Esso consiste nell’ abitudine di guardare continuamente il proprio cellulare, ignorando le persone intorno.
Il termine deriva dalla contrazione di due parole inglesi, phone (telefono) e snubbing (snobbare) e riguarda quell’atteggiamento in cui si controlla il telefono, snobbando letteralmente l’interlocutore.
Esso è un vero e proprio impulso, incontrollabile, di cui siamo sia vittime che carnefici.
Secondo recenti studi, questo comportamento è socialmente accettato, per cui se arriva una notifica sul cellulare, siamo “autorizzati” a controllarla.
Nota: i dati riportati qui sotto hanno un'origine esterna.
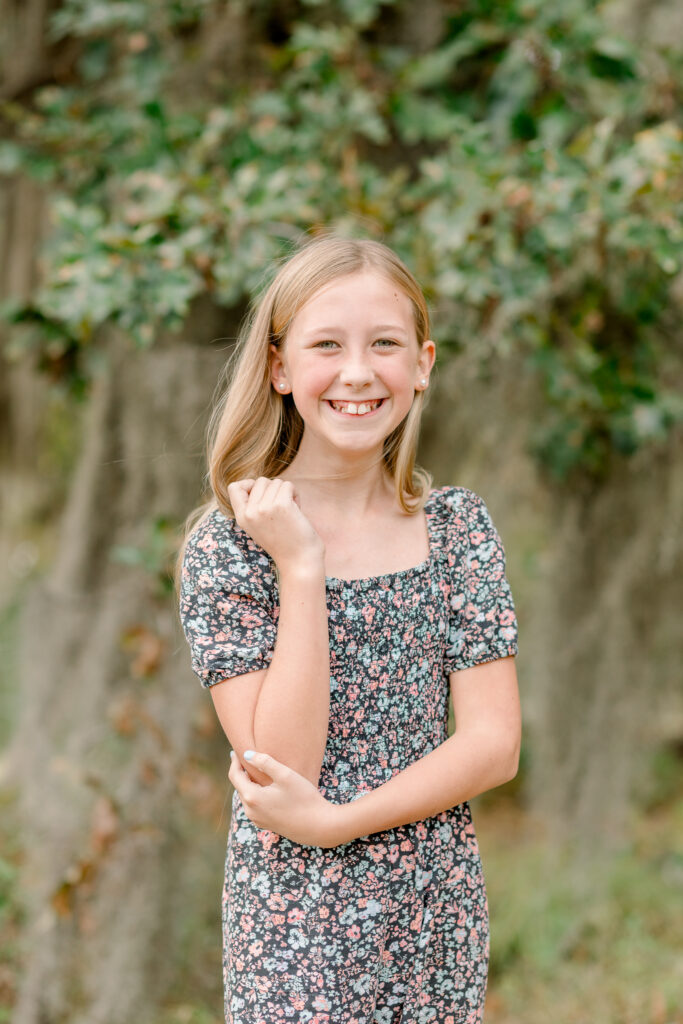 Tween girl in flower dress smiles at camera while playing with her hair for fall family photos by Mississippi Family Photographer.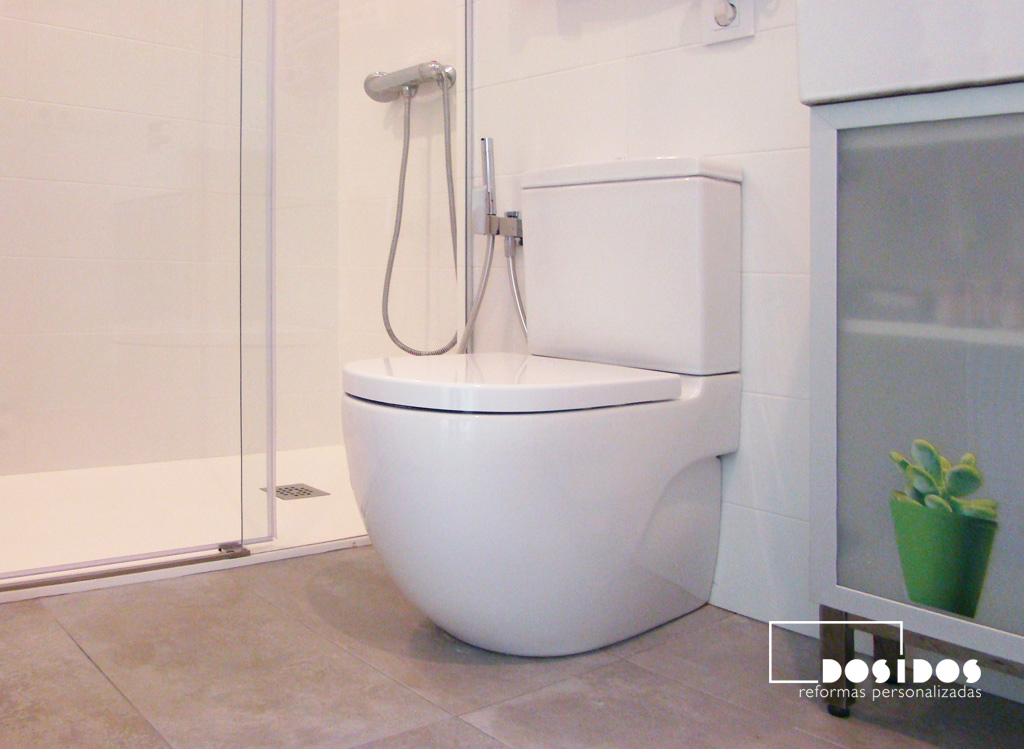 Baño pequeño azulejos blancos y marrones, detalle del inodoro meridian y ducha.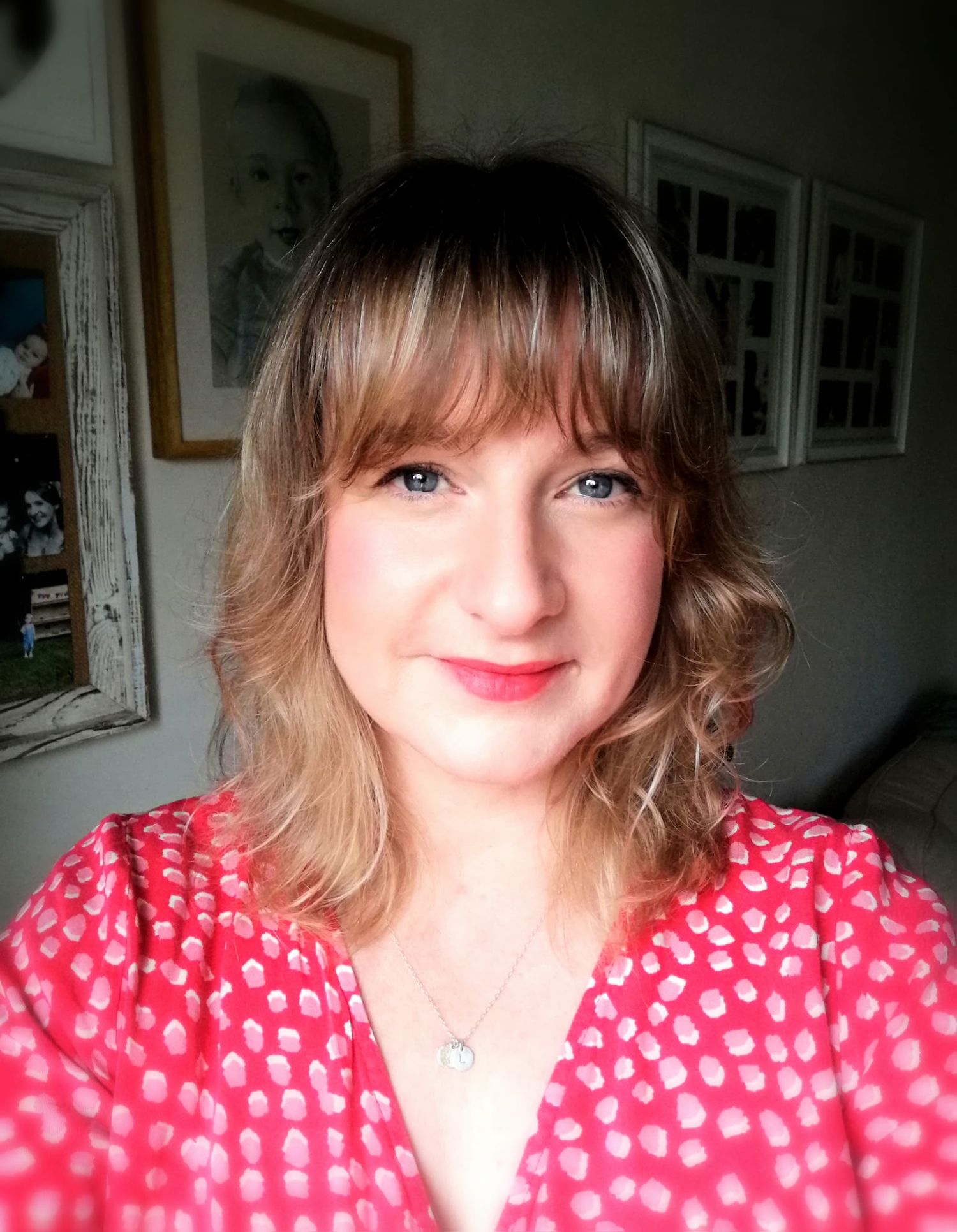 Smiling woman with blonde bangs wearing a red polka dot top and silver necklace, posing indoors with framed art.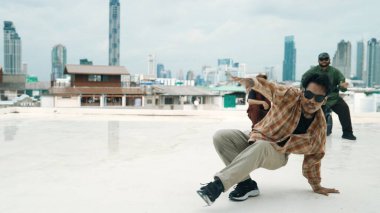 Çatıda çok kültürlü arkadaşlar varken profesyonel İspanyol break dansçısı B boy dansı. Genç modern dans grubu hip hop hareketi yapıyor. Tarz, moda, aksiyon. Açık hava sporu 2024 hiphop..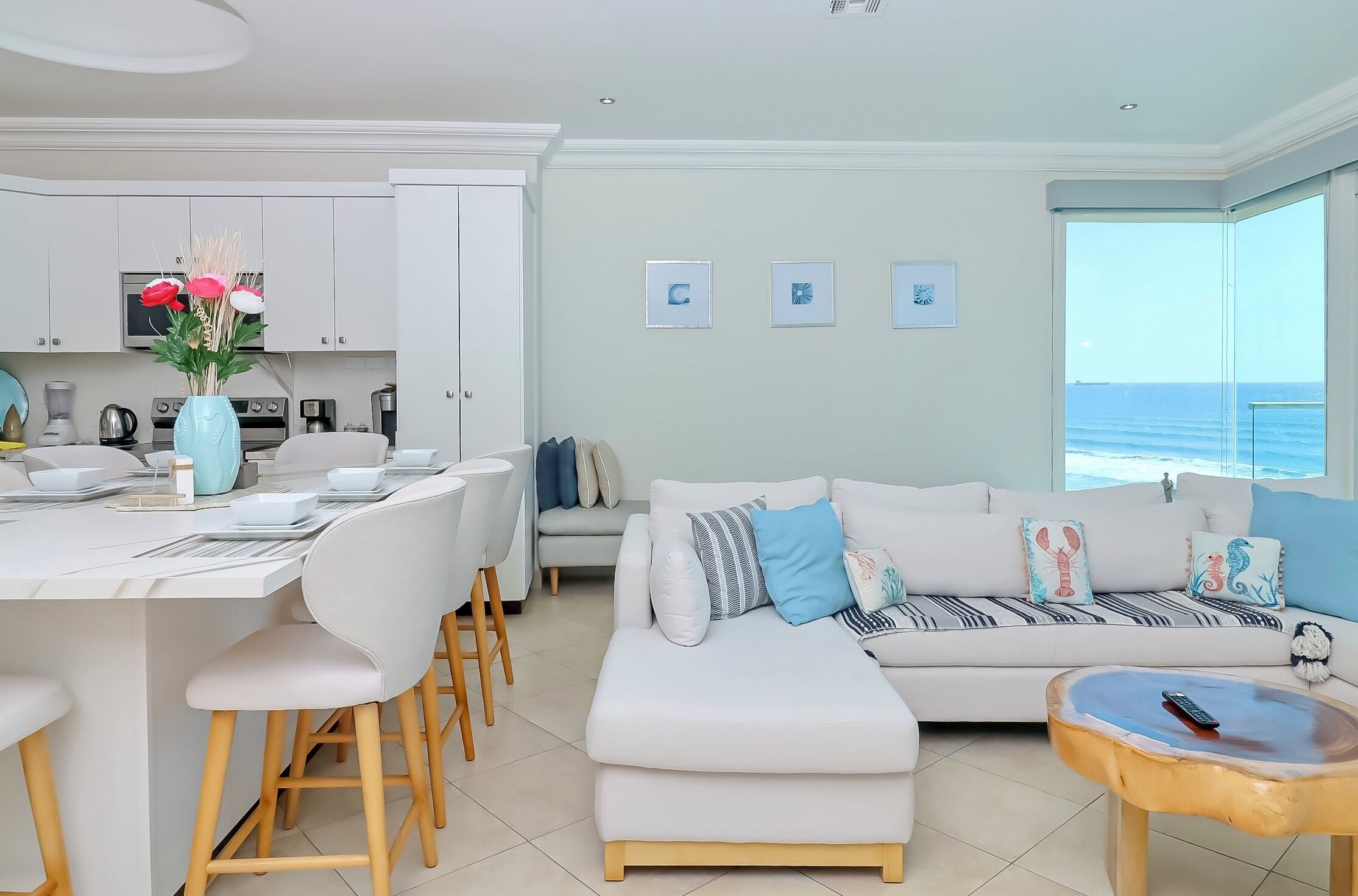 Una sala de estar moderna con un sofá blanco, una mesa de centro y un comedor con sillas y una mesa blanca.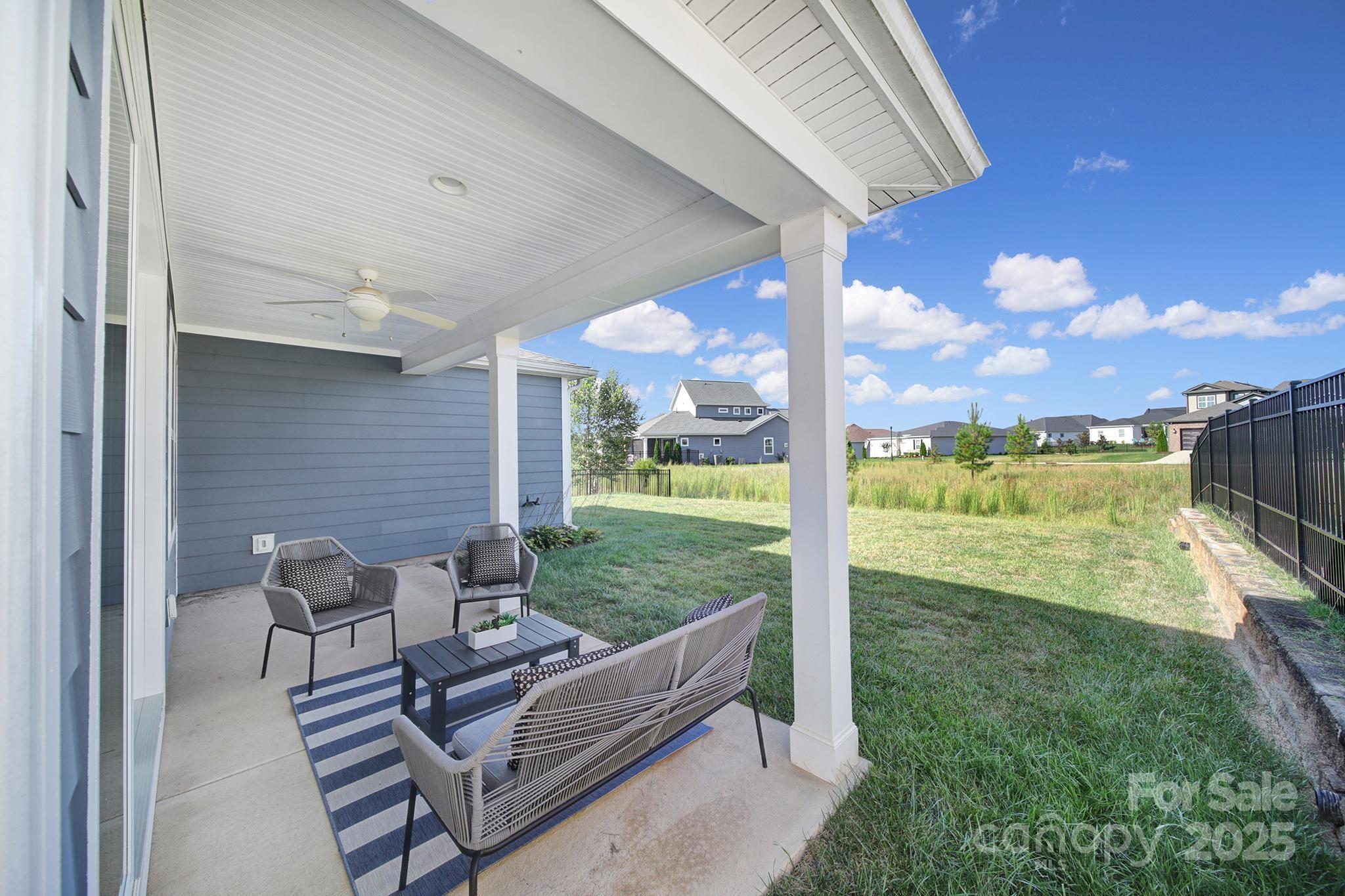 6255 Scuttle Lane, Unit 1104 Denver, NC 28037 - Photo 27 of 45 a view of a patio with a table chairs and a backyard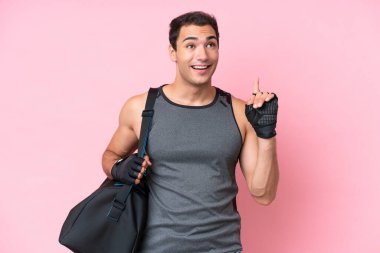 Spor çantalı genç beyaz adam pembe arka planda izole edilmiş ve şaşırmış.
Inoltre, non ci offendiamo neanche se qualcuno risponde ad un messaggio mentre parla con noi.
Si parla spesso di generazione connessa, ma sia che si tratti di uno zoomer e sia di un millennial o uno boomer, la necessità di ricorrere al cellullare è sempre più insistente.
Proprio per questo immedesimarsi nei panni dell’altro, comprendiamo bene quanto sia ansiogeno non riuscire a vedere la natura della notifica sul nostro cellulare.
Quindi, da un punto di vista psicologico, le vittime del phubbing sono affette dai sintomi tipici dell’ansia, dalla paura di essere tagliati fuori dal mondo che li circonda.
D’altro canto, però, se si analizza la situazione sotto l’ottica sociologica, la prospettiva si ribalta.
Da un lato si ha la paura di rimanere soli, isolati, se non si risponde in tempo reale all’avviso emesso dal cellulare, ma dall’altro, non si fa altro che deteriorare la relazione con l’interlocutore di quel momento.
Per rispondere ad un messaggio, si snobba la persona con cui si stava chiacchierando fino ad un istante prima.
Siamo talmente presi dalla necessità di proiettarci nella futura risposta, che ci dimentichiamo di vivere il presente.
Se impariamo a dare importanza e le giuste priorità alle cose e alle persone, probabilmente migliorerebbe il nostro benessere psicologico e sociale.